• What you need to do:
Repeat exactly, and only, the lines from the one containing "打卡**超火的长清大学城包子" through the last line of the data below.

• Source data:

• • • • •

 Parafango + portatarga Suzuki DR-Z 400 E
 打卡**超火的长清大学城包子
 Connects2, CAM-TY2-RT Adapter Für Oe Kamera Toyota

• • • • •

• Solution to the problem:
 打卡**超火的长清大学城包子
 Connects2, CAM-TY2-RT Adapter Für Oe Kamera Toyota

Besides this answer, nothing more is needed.